Un couple, marié sous le régime de la communauté d’acquêts, était associé d’une SCI. Chacun détenait 870 parts, et l’un de leurs sept enfants détenait 10 parts.

Consécutivement au décès du mari et alors que le partage des biens n’avait pas encore été effectué, l’épouse a fait donation des 870 parts dont elle était titulaire au profit de leur fils déjà détenteur de 10 parts.

Les autres enfants du couple ont alors assigné en responsabilité le notaire qui a dressé l’acte de donation, pour ne pas avoir vérifié le propriétaire des parts données à l’issue du décès et ne pas avoir recueilli leur consentement en qualité d’indivisaires des parts de la SCI.

La Cour d’appel a rejeté leurs demandes, ce que la Cour de cassation a approuvé au motif qu’ « à la dissolution de la communauté matrimoniale, la qualité d’associé attachée à des parts sociales non négociables dépendant de celle-ci ne tombe pas dans l’indivision post-communautaire qui n’en recueille que leur valeur, de sorte que le conjoint associé peut transmettre son titre sans recueillir l’accord de ses coïndivisaires ».

Si la Cour de cassation a statué de la sorte, c’est parce que conformément à l’article 1832-2, alinéa 3 du Code civil, l’épouse bénéficiait de la qualité d’associée pour la moitié des parts inscrites au nom de son mari.

Au décès de l’époux, la communauté étant dissoute, cela a eu pour effet de rendre indivis les biens des époux.

De fait, la veuve restait titulaire du titre de ses parts sociales, si bien que les enfants-héritiers n’avaient aucun droit sur ce titre. En revanche, la valeur des parts relevant de la masse commune, est tombée dans l’indivision post-communautaire au décès de l’époux.

En clair, les parts de la SCI détenues par l’épouse étaient communes en ce qui concerne leur valeur, le titre de ses parts lui restant propre.

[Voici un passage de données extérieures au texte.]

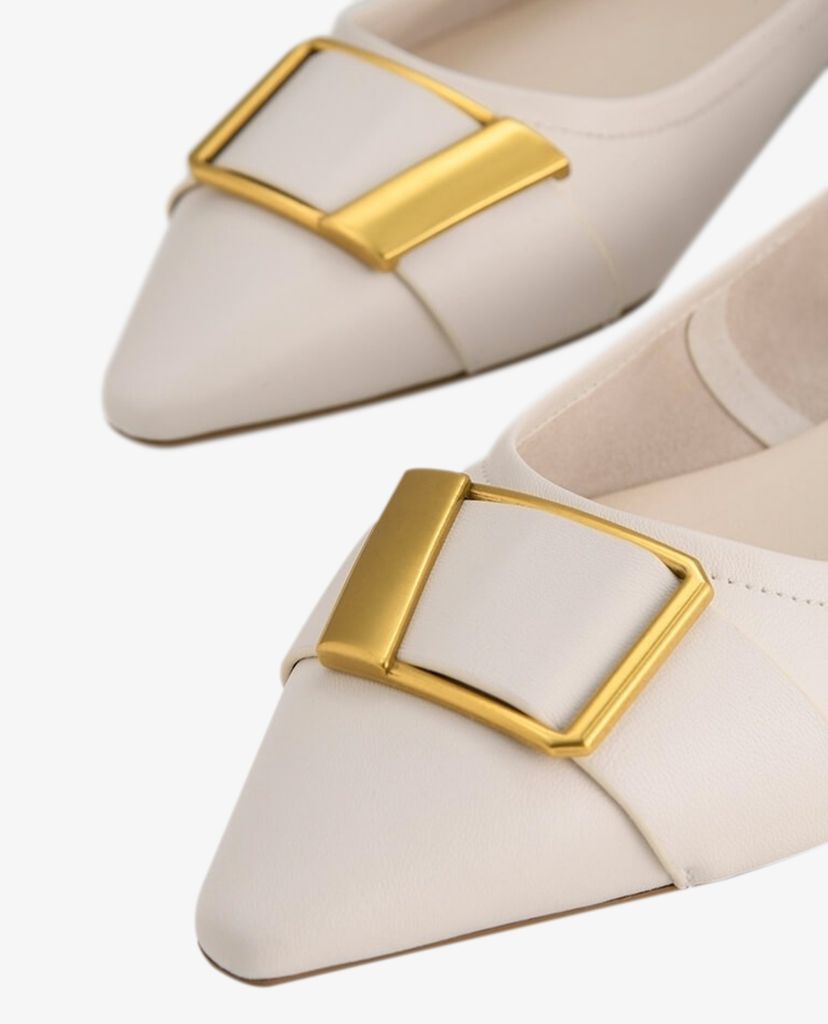 PEDRO - Giày đế bệt nữ mũi nhọn Gold Buckled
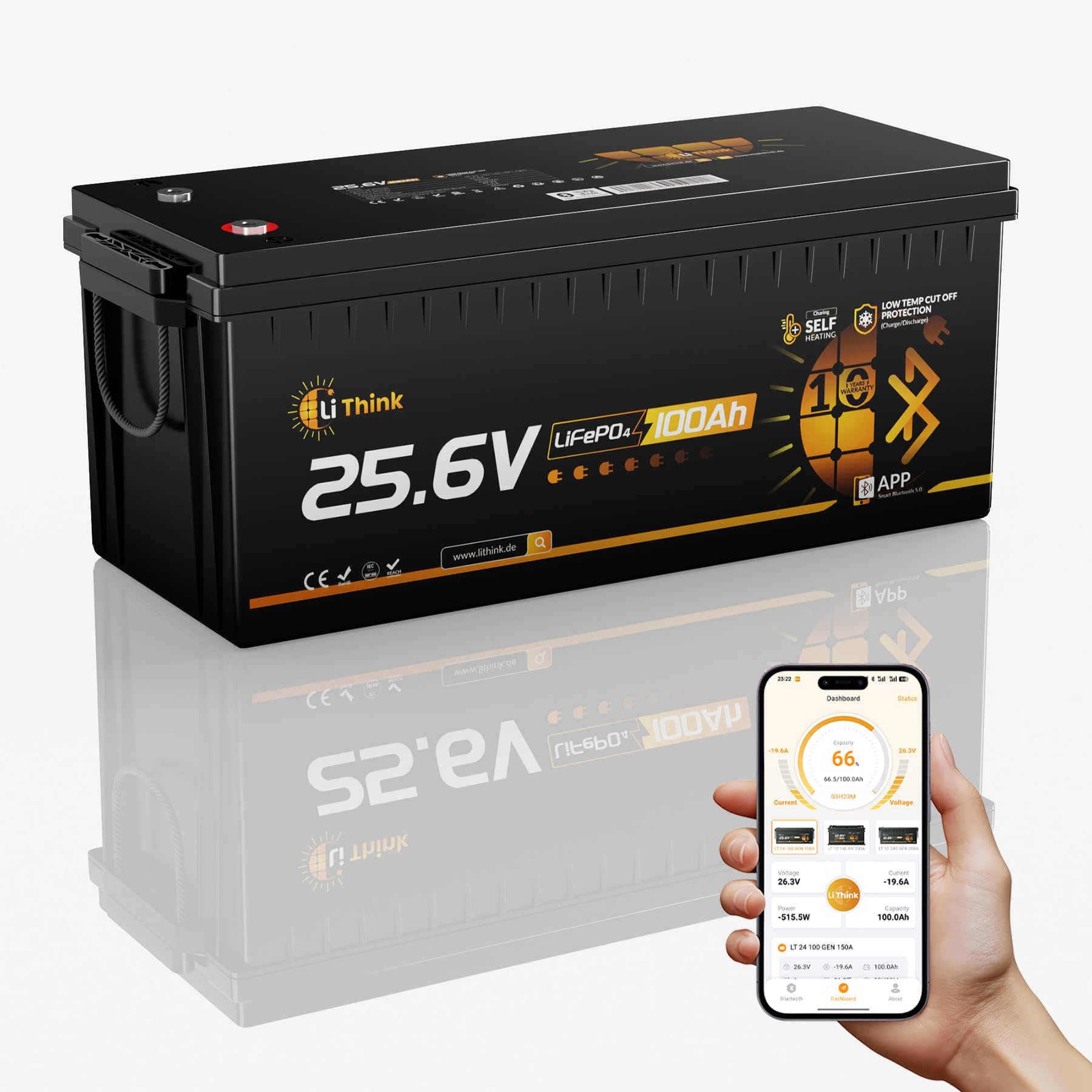 Batterie LiFePO4 Lithium 25.6V 100Ah Bluetooth, 150A BMS Protection, 2560Wh Énergie, Jusqu’à 15000 Cycles, Batterie Solaire Camping-Car, Bateau, Marine, Système Hors Réseau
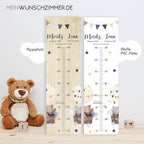 Geschwister Messlatte Ballontiere Kinder 70-140cm, Zwillinge, Messlatte Holz, Baby, Taufgeschenk, Personalisiert, Kinderzimmer, Geburt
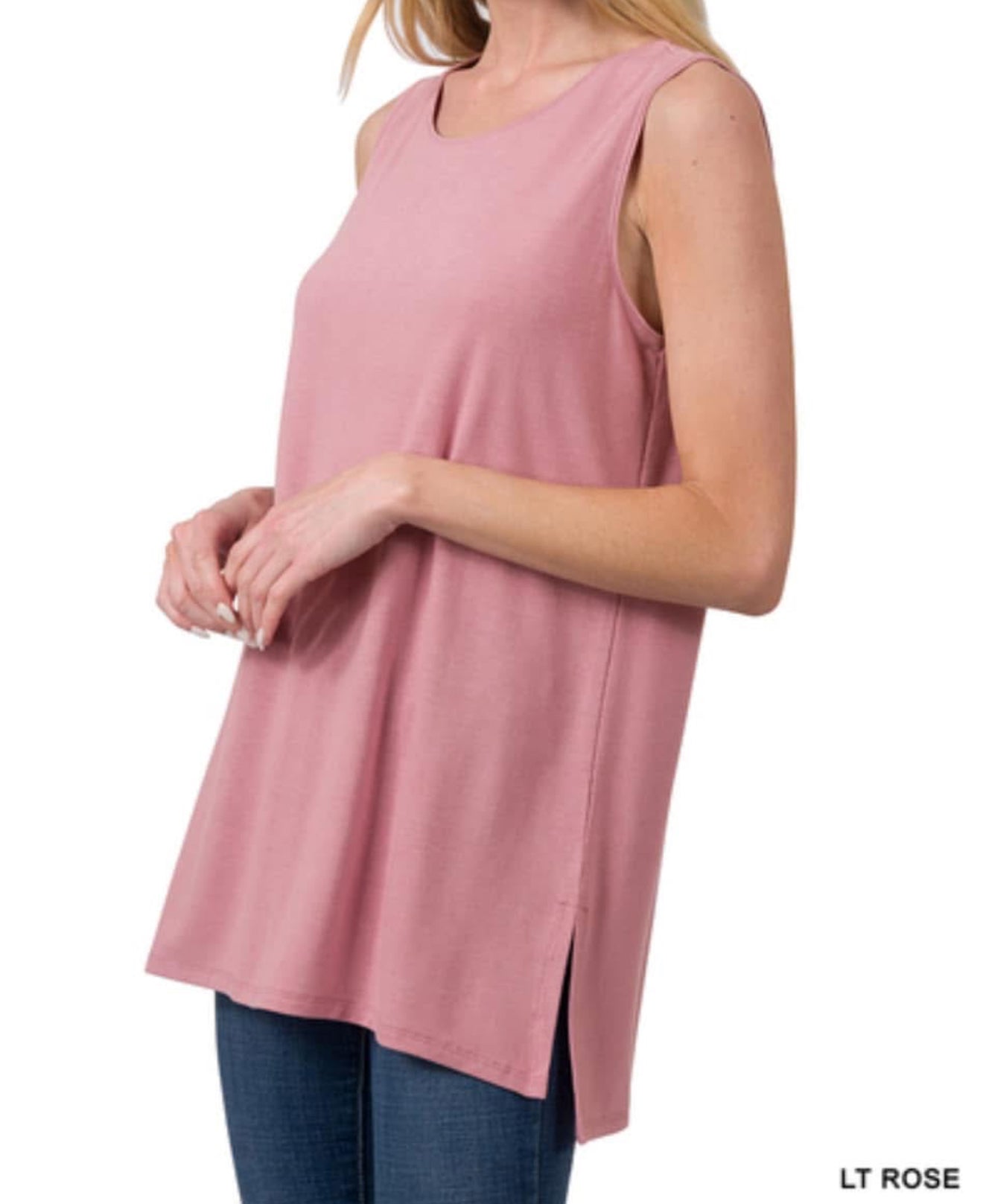 Lite Rose - Sleeveless Side Slit Top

Dès lors, l’épouse pouvait parfaitement transmettre son titre par voie de libéralité sans devoir obtenir l’accord de l’ensemble des coïndivisaires pourtant prévu en ce domaine par l’article 815-3 du Code civil.

La solution est de bon sens : l’aspect non patrimonial d’un bien ne peut tomber en communauté et seule la partie évaluable en argent y tombe.

Cette solution visant à distinguer entre le titre et la finance n’est pas récente, mais s’inscrit dans un courant jurisprudentiel issu d’un arrêt « Gelada » [2]. Dans cette affaire, les héritiers du conjoint d’un associé commun en biens prétendaient disposer de droits indivis sur les parts sociales de ce dernier, pour critiquer une délibération à laquelle ils n’avaient pas été convoqués. La Cour de cassation les a déboutés en considérant que la succession « n’avait recueilli que la valeur des parts souscrites ».

Par cet arrêt du 12 juin 2014, la Cour de cassation confirme finalement une distinction classique entre les droits patrimoniaux et extrapatrimoniaux.